What you need to do: Leaving out every picture, retype the lines below from the top through the one that contains "Hello, and welcome".

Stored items

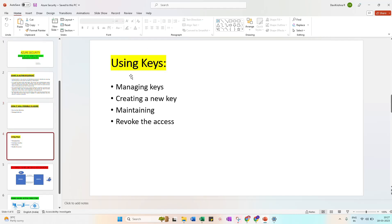So we can talk about keys, for example. You need to know about encryption, decryption, this kind of information like managing keys, creating new keys, and maintaining the keys. Then once it is verified, we can give the access.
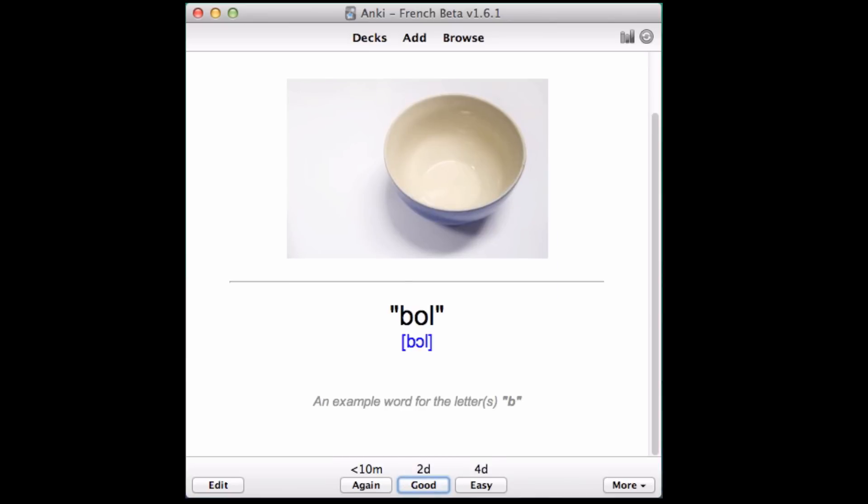There is, however, another way to do this that some of the beta testers preferred. Instead of thinking of the spelling, Anki can ask you to type the spelling. That looks like this.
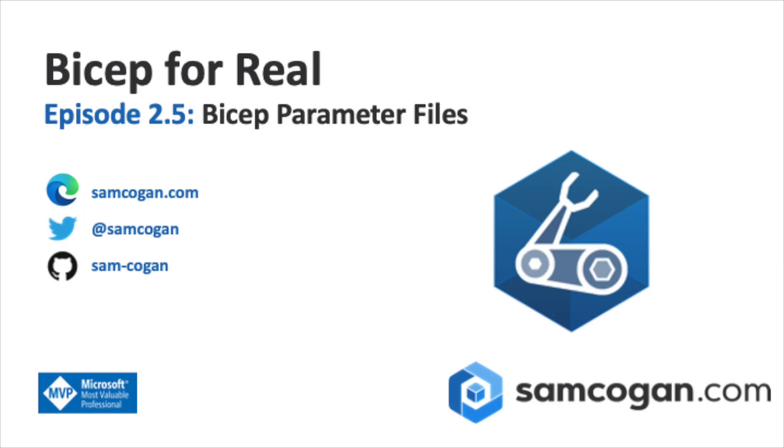Hello, and welcome to another episode of Bicep for Real. This week's episode, we're going to be jumping back a little bit. We've got a new feature that's available that's going to replace some of our old stuff that we're going to want to have a look at. And this in particular is parameter files.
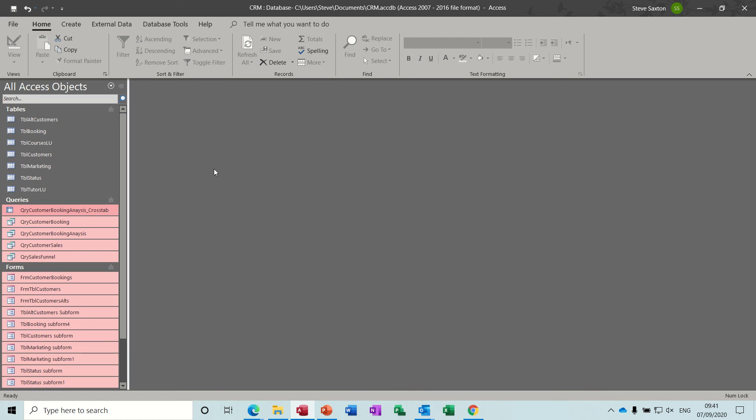Hi guys, welcome to this session on Microsoft Access. This is the sixth session in this Access series and what we're going to look at in this session is how to create some extra queries, a crosstab query and a totals query which will give us some management information for our reports.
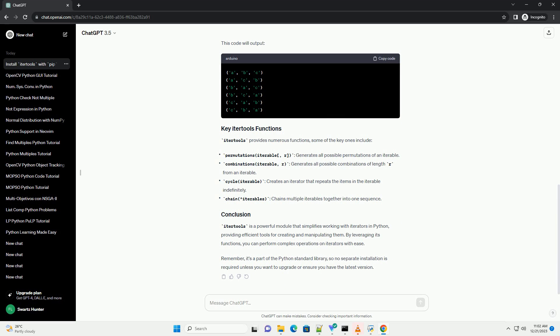IterTools provides numerous functions, some of the key ones include. IterTools is a powerful module that simplifies working with iterators in Python, providing efficient tools for creating and manipulating them. By leveraging its functions, you can perform complex operations on iterators with ease.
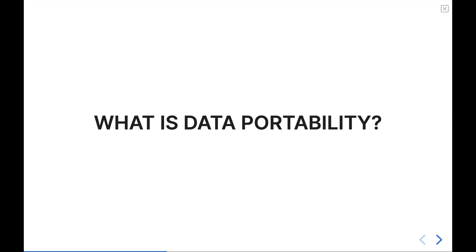If your application, like Obsidian, puts your data inside of Markdown files by default, then your data portability is much higher because one, you're controlling where those files are stored and two, the default unit of data that you have is a Markdown text file, which is a longstanding format as it is.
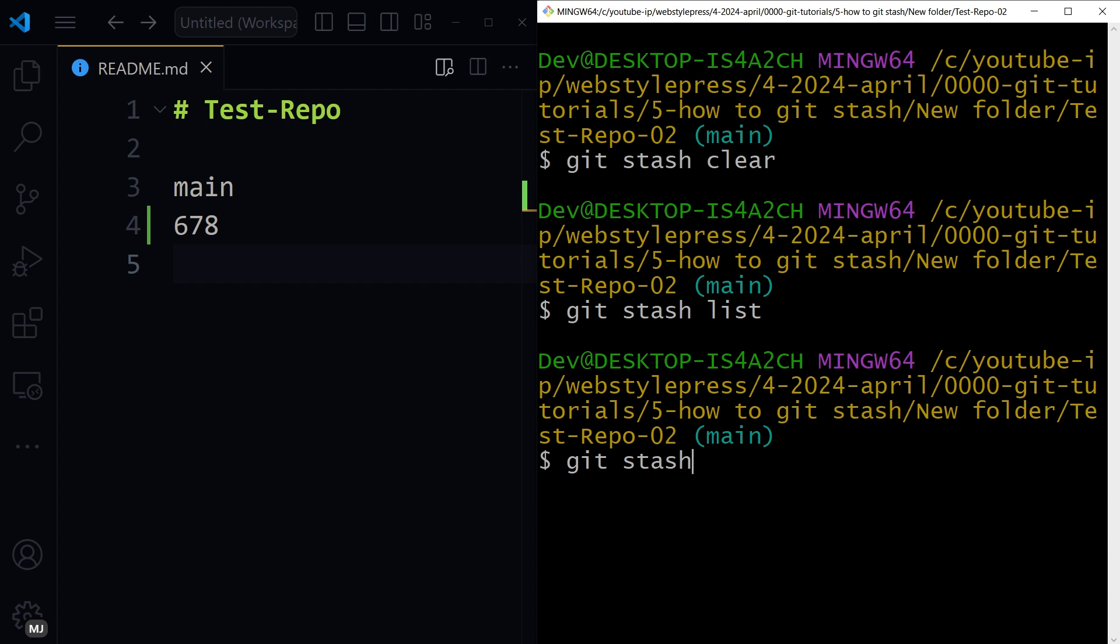But most probably you will only need git stash and git stash pop. So git stash is a powerful tool for managing changes without committing them, allowing you to switch tasks and branches without losing your work. Okay, if you liked this video, please leave a like. To watch more tips on GitHub, subscribe to the channel and hit bell icon.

Answer to the exercise:
So we can talk about keys, for example. You need to know about encryption, decryption, this kind of information like managing keys, creating new keys, and maintaining the keys. Then once it is verified, we can give the access.
There is, however, another way to do this that some of the beta testers preferred. Instead of thinking of the spelling, Anki can ask you to type the spelling. That looks like this.
Hello, and welcome to another episode of Bicep for Real. This week's episode, we're going to be jumping back a little bit. We've got a new feature that's available that's going to replace some of our old stuff that we're going to want to have a look at. And this in particular is parameter files.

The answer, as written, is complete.